Evolving Zero Trust and Embedded AI – Federal Government Cybersecurity Predictions for 2026

By: Venkat Sundaram, Netskope

Although concepts like artificial intelligence (AI) and zero trust have existed in some form for years or even decades, we’re witnessing a continued evolution of both when applied to cybersecurity. This presents opportunities for the Department of War/Defense but also creates new challenges which will come to a head in 2026.

With that in mind, there are a few developments we can expect to see in the coming year.

Prediction: The Pentagon will integrate behavioral analytics into zero trust efforts.

2026 will present the most critical period in the department’s zero trust implementation journey, marking the last full year before the mandated deadline to achieve targeted zero trust goals. While the department made notable progress focusing on zero trust for access, it will turn its attention to the context of data usage and automation/orchestration aspects of zero trust in 2026.

Consequently, the Pentagon will also shift its technical priorities from foundational zero trust capabilities to investment in advanced behavioral analytics tools, leveraging machine learning to ultimately detect anomalous user activity and assign dynamic risk scores to flag activities that indicate suspicious behavior. We expect the department to specifically target the deficiencies in automated data tagging, risk-based application access and automation. The goal should be to trigger adaptive policy controls when risk increases, moving the department beyond static perimeter-based allow/deny controls.

The zero trust framework will require analysis of events, activities and behaviors to derive context and apply AI and machine learning (ML). This effort focuses on achieving a highly personalized model that improves detection and reaction times for making real-time access decisions. Specifically, this involves implementing User and Entity Behavior Analytics (UEBA) to baseline activity and identify anomalies.

Prediction: The expansion of zero trust principles into operational technology (OT), weapons systems and tactical environments will hit technical speed bumps. 
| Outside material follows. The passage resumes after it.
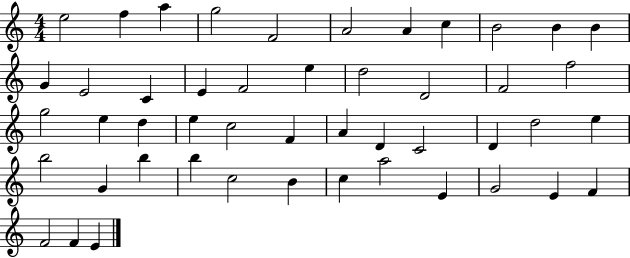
E5/h F5/q A5/q G5/h F4/h A4/h A4/q C5/q B4/h B4/q B4/q G4/q E4/h C4/q E4/q F4/h E5/q D5/h D4/h F4/h F5/h G5/h E5/q D5/q E5/q C5/h F4/q A4/q D4/q C4/h D4/q D5/h E5/q B5/h G4/q B5/q B5/q C5/h B4/q C5/q A5/h E4/q G4/h E4/q F4/q F4/h F4/q E4/q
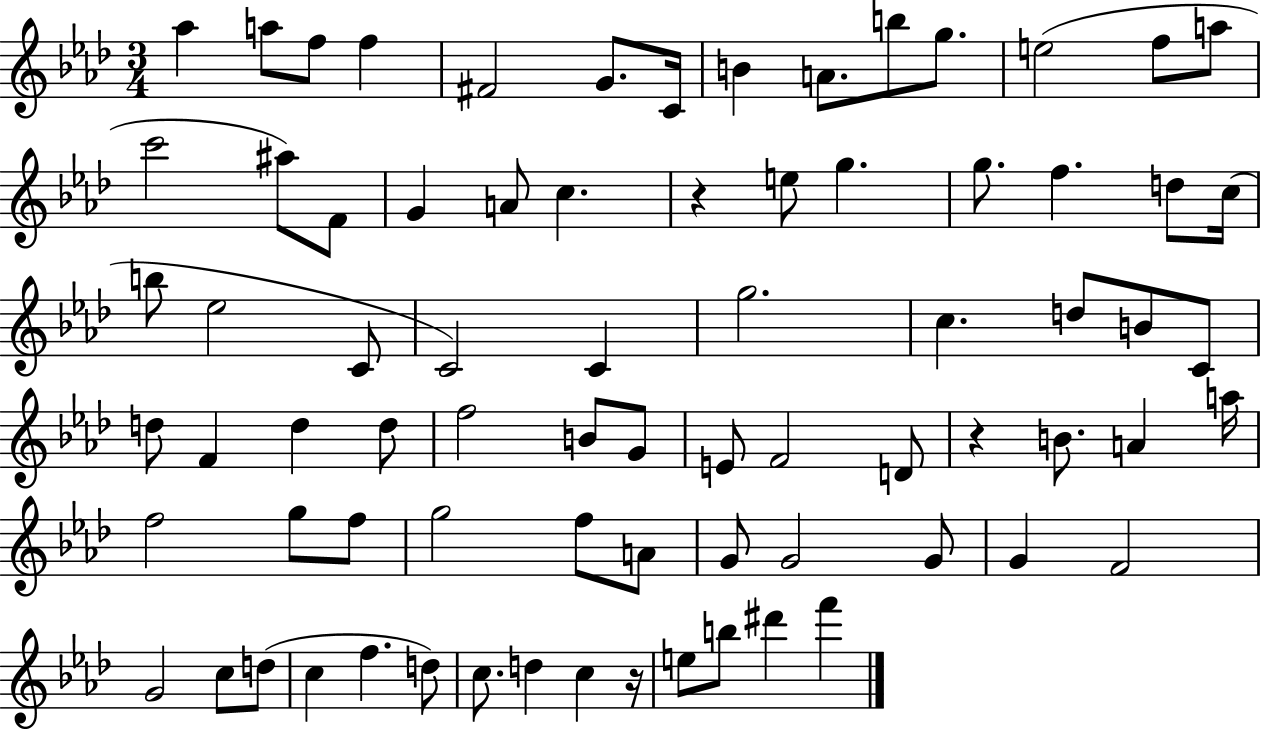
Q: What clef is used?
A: treble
The Pentagon has explicitly included OT and weapons systems in its zero trust implementation requirements. However, because legacy OT infrastructure frequently operates on models of implicit trust and security implementations must strictly avoid overriding or interrupting essential safety functions, the department requires a modern, data-centric approach to address trust based on dynamic policy and continuous verification rather than static network perimeters.

Addressing this complexity will consume significant 2026 DOW/DOD resources, especially as the department begins piloting new zero trust standards for OT, such as the Navy’s planned Block 2 advanced zero trust implementation. These implementations will force the integration of AI-driven monitoring and automated response to create a comprehensive, resilient, and proactive cybersecurity framework. The operationalization of the zero trust pillars related to visibility, analytics, automation and orchestration mandates the deployment of AI/ML to analyze behavioral telemetry and execute Security Orchestration, Automation, and Response (SOAR) workflows. This integration will transform the department’s posture from reactive defense to anticipatory risk management, establishing the information enterprise envisioned in the zero trust strategy.

Prediction: The Pentagon will accelerate the push to embed AI across its security landscape.

The Pentagon’s rapid pace of AI adoption will gain even more speed in 2026. This acceleration will be spurred by the need to streamline the Risk Management Framework and facilitate faster deployment of software through the Continuous Authorization to Operate (cATO) process.

The department will leverage AI and machine learning to drive automation and orchestration decisions across the zero trust pillars. These efforts will automate and standardize the governance processes necessary to secure the software supply chain and rapidly integrate innovative commercial technology.

These efforts will also provide the AI-derived policy automation necessary to maintain dynamic security monitoring and receive real-time alerts automatically. This remains a challenge due to siloed domains and manual interventions in conventional architectures.

The evolution of zero trust and AI advancement will present both opportunities and challenges to the Pentagon in the coming year. Going forward, the department should focus on unifying security functions and enforcing dynamic, context-aware authorization across hybrid environments and migrating away from legacy security stacks.

This means leveraging AI/ML embedded within the platform’s engine to enable adaptive access control, fundamentally shifting the DOW/DOD from static “allow/deny” decisions to real-time risk calculation. This capability will directly address the department’s need for continuous authentication while mitigating insider threats.